RECORDS FOR THIS TASK -
----------
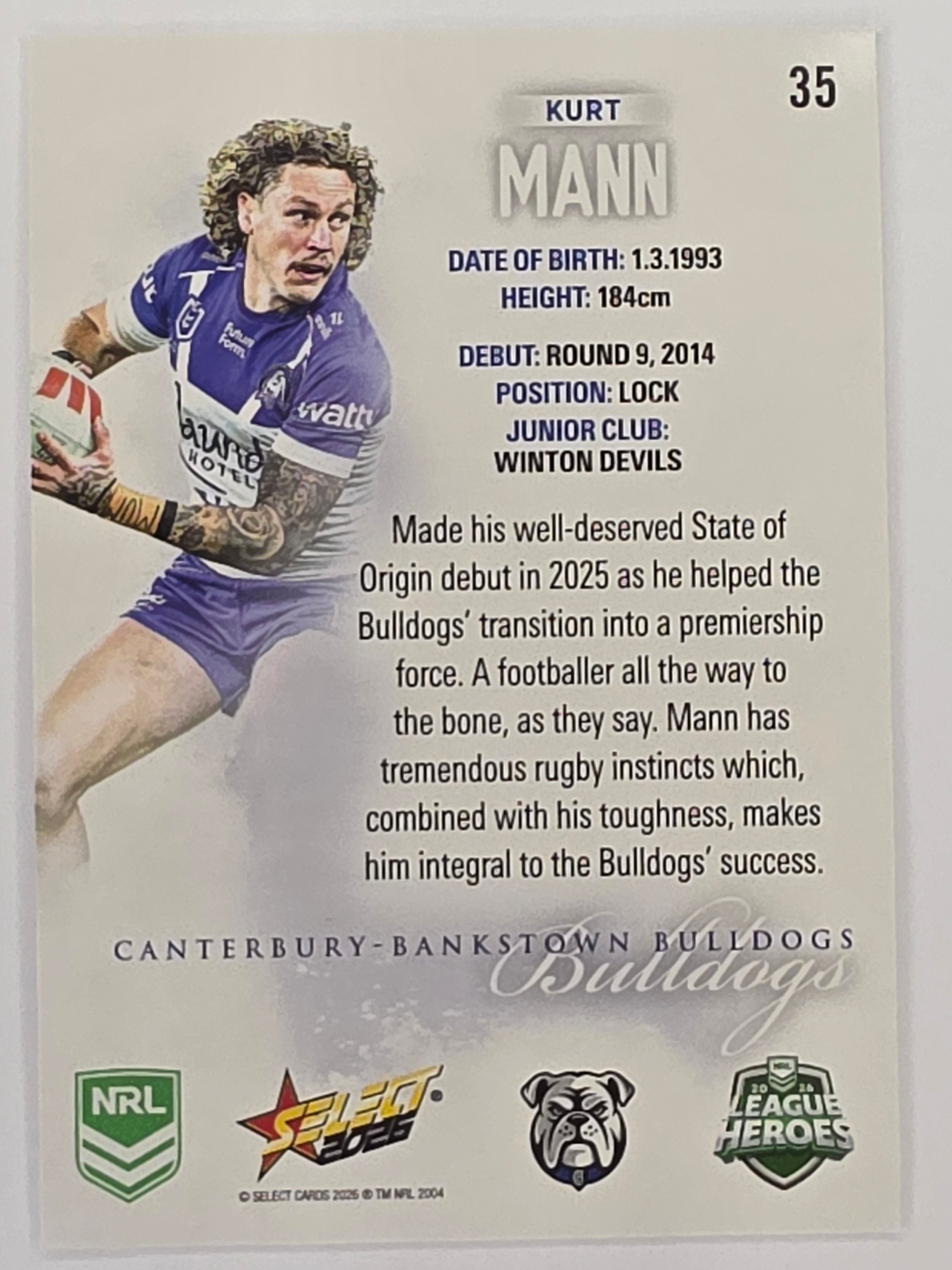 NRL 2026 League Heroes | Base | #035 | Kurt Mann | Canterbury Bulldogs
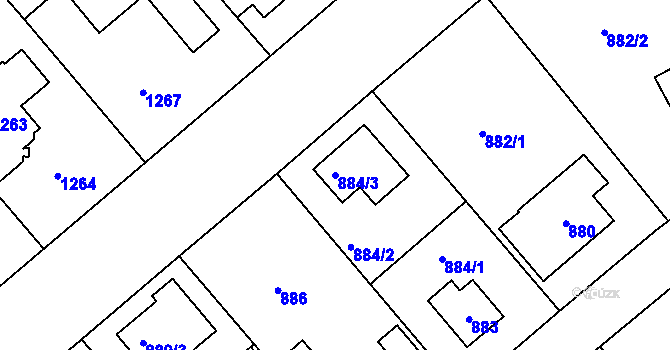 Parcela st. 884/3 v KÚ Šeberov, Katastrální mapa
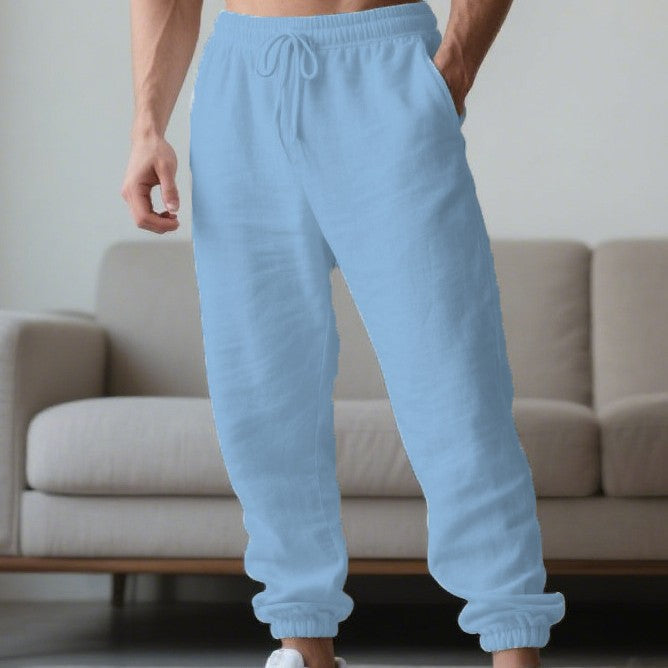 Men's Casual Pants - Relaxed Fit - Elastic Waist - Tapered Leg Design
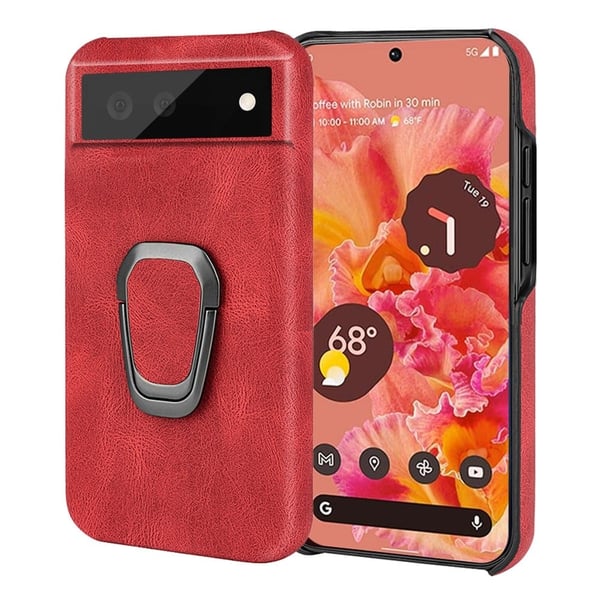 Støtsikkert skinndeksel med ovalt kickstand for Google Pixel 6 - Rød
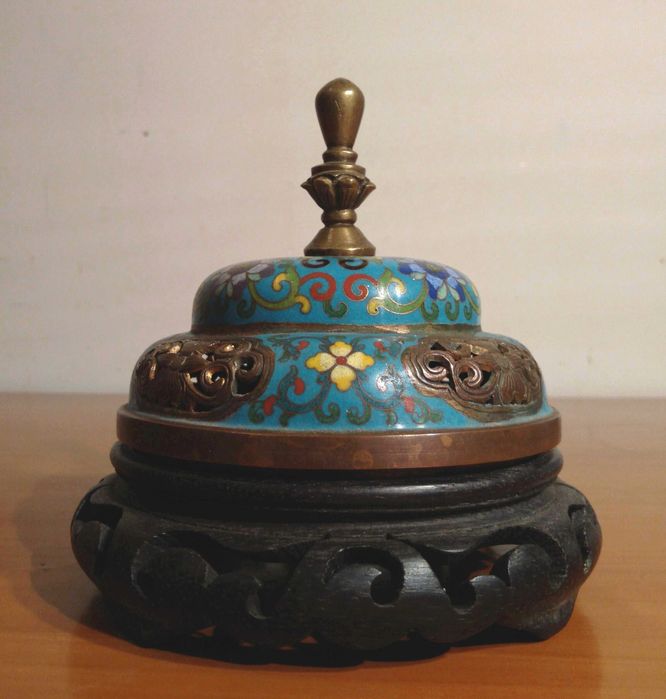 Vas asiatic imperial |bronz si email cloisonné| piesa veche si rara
----------
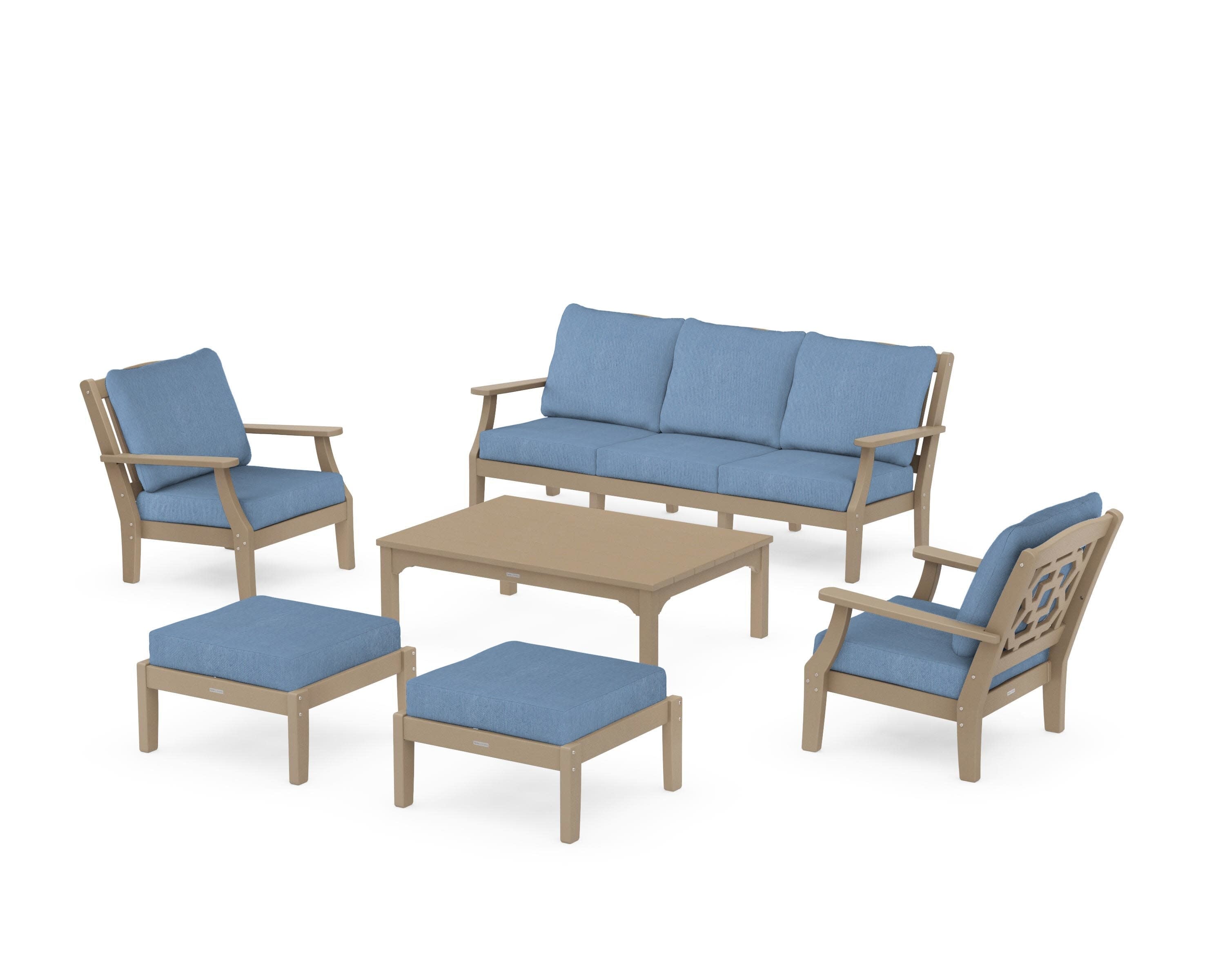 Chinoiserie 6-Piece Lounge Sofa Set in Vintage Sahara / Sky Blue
----------
ACTION ITEM - Could you output exactly the lines above, from the line with "Men's Casual Pants" up to and including the line with "Vas asiatic imperial", and nothing else, skipping the pictures?

SOLUTION TO THE PROBLEM -
 Men's Casual Pants - Relaxed Fit - Elastic Waist - Tapered Leg Design
 Støtsikkert skinndeksel med ovalt kickstand for Google Pixel 6 - Rød
 Vas asiatic imperial |bronz si email cloisonné| piesa veche si rara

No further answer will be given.